What you are asked to do >> Output only the stretch of the listing that starts at the line containing "Peugeot 208 Hatchback 1,2 l 60 kw" and ends at the line containing "Adamow House |", reproduced exactly with both ends.

Records for the task >>
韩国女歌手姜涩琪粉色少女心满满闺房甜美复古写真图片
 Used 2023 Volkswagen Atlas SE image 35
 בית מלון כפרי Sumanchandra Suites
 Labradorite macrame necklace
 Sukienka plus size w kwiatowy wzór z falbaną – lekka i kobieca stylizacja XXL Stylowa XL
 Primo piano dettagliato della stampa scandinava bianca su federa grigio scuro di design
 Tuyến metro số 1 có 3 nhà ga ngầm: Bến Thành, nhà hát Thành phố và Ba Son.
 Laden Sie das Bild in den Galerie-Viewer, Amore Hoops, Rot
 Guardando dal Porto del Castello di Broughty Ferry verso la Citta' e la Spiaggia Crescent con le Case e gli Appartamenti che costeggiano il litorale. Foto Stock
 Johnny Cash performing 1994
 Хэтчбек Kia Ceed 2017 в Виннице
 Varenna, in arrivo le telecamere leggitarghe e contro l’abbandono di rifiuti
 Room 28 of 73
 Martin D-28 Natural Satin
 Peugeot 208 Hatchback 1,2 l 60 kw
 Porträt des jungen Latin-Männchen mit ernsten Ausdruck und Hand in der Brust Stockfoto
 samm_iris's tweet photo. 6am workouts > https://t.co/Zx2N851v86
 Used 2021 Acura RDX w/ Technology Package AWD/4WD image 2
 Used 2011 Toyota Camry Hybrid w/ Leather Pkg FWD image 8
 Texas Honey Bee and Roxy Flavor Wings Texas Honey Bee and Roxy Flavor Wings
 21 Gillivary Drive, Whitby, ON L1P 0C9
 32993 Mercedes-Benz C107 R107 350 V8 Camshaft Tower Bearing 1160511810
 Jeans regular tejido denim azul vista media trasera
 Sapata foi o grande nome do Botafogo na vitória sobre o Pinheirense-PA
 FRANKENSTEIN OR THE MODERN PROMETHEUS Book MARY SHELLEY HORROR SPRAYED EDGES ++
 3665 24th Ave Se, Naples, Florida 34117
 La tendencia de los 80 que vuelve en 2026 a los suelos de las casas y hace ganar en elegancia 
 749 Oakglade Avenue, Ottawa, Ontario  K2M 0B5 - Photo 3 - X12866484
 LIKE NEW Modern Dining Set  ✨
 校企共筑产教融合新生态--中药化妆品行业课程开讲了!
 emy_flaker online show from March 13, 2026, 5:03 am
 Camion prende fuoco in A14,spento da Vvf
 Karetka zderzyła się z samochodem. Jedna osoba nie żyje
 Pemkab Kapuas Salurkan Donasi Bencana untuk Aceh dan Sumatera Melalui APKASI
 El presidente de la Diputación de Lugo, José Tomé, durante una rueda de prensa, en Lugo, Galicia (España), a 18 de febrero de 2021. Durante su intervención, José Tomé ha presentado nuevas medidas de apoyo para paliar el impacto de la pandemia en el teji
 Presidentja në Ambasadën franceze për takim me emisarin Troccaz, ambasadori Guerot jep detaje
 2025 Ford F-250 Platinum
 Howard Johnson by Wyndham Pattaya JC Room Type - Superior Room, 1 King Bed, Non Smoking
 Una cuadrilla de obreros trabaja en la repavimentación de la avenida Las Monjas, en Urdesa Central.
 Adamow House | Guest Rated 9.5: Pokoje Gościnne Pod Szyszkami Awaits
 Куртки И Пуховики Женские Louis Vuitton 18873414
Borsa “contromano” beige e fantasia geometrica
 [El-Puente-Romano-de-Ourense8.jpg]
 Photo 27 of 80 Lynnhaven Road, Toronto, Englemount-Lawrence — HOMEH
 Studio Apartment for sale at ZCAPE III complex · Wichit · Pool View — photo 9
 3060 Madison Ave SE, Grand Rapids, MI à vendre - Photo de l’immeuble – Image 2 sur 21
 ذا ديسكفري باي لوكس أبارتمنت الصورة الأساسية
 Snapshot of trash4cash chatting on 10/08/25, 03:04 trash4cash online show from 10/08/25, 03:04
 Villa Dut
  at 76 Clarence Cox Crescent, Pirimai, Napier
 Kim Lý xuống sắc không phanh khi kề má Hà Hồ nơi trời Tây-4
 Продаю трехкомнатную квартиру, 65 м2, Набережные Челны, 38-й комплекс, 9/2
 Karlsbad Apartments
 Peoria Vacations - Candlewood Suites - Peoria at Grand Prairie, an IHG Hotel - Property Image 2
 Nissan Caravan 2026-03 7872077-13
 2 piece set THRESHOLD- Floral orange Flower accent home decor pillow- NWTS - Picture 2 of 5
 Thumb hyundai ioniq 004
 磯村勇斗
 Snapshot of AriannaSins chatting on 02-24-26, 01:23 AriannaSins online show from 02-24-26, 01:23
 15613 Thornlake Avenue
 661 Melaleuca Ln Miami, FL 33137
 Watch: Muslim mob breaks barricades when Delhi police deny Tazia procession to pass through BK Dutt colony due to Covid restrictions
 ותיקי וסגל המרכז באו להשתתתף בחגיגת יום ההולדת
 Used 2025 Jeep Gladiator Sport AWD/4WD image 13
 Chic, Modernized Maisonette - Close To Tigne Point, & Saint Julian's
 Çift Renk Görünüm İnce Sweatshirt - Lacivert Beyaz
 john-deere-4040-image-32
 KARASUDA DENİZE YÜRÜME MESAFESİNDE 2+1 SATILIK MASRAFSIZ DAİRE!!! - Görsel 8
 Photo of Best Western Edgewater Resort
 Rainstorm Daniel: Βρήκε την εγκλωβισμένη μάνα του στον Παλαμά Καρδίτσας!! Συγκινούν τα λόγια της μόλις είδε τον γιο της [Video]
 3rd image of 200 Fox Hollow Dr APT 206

Exercise output >>
 Peugeot 208 Hatchback 1,2 l 60 kw
 Porträt des jungen Latin-Männchen mit ernsten Ausdruck und Hand in der Brust Stockfoto
 samm_iris's tweet photo. 6am workouts > https://t.co/Zx2N851v86
 Used 2021 Acura RDX w/ Technology Package AWD/4WD image 2
 Used 2011 Toyota Camry Hybrid w/ Leather Pkg FWD image 8
 Texas Honey Bee and Roxy Flavor Wings Texas Honey Bee and Roxy Flavor Wings
 21 Gillivary Drive, Whitby, ON L1P 0C9
 32993 Mercedes-Benz C107 R107 350 V8 Camshaft Tower Bearing 1160511810
 Jeans regular tejido denim azul vista media trasera
 Sapata foi o grande nome do Botafogo na vitória sobre o Pinheirense-PA
 FRANKENSTEIN OR THE MODERN PROMETHEUS Book MARY SHELLEY HORROR SPRAYED EDGES ++
 3665 24th Ave Se, Naples, Florida 34117
 La tendencia de los 80 que vuelve en 2026 a los suelos de las casas y hace ganar en elegancia 
 749 Oakglade Avenue, Ottawa, Ontario  K2M 0B5 - Photo 3 - X12866484
 LIKE NEW Modern Dining Set  ✨
 校企共筑产教融合新生态--中药化妆品行业课程开讲了!
 emy_flaker online show from March 13, 2026, 5:03 am
 Camion prende fuoco in A14,spento da Vvf
 Karetka zderzyła się z samochodem. Jedna osoba nie żyje
 Pemkab Kapuas Salurkan Donasi Bencana untuk Aceh dan Sumatera Melalui APKASI
 El presidente de la Diputación de Lugo, José Tomé, durante una rueda de prensa, en Lugo, Galicia (España), a 18 de febrero de 2021. Durante su intervención, José Tomé ha presentado nuevas medidas de apoyo para paliar el impacto de la pandemia en el teji
 Presidentja në Ambasadën franceze për takim me emisarin Troccaz, ambasadori Guerot jep detaje
 2025 Ford F-250 Platinum
 Howard Johnson by Wyndham Pattaya JC Room Type - Superior Room, 1 King Bed, Non Smoking
 Una cuadrilla de obreros trabaja en la repavimentación de la avenida Las Monjas, en Urdesa Central.
 Adamow House | Guest Rated 9.5: Pokoje Gościnne Pod Szyszkami Awaits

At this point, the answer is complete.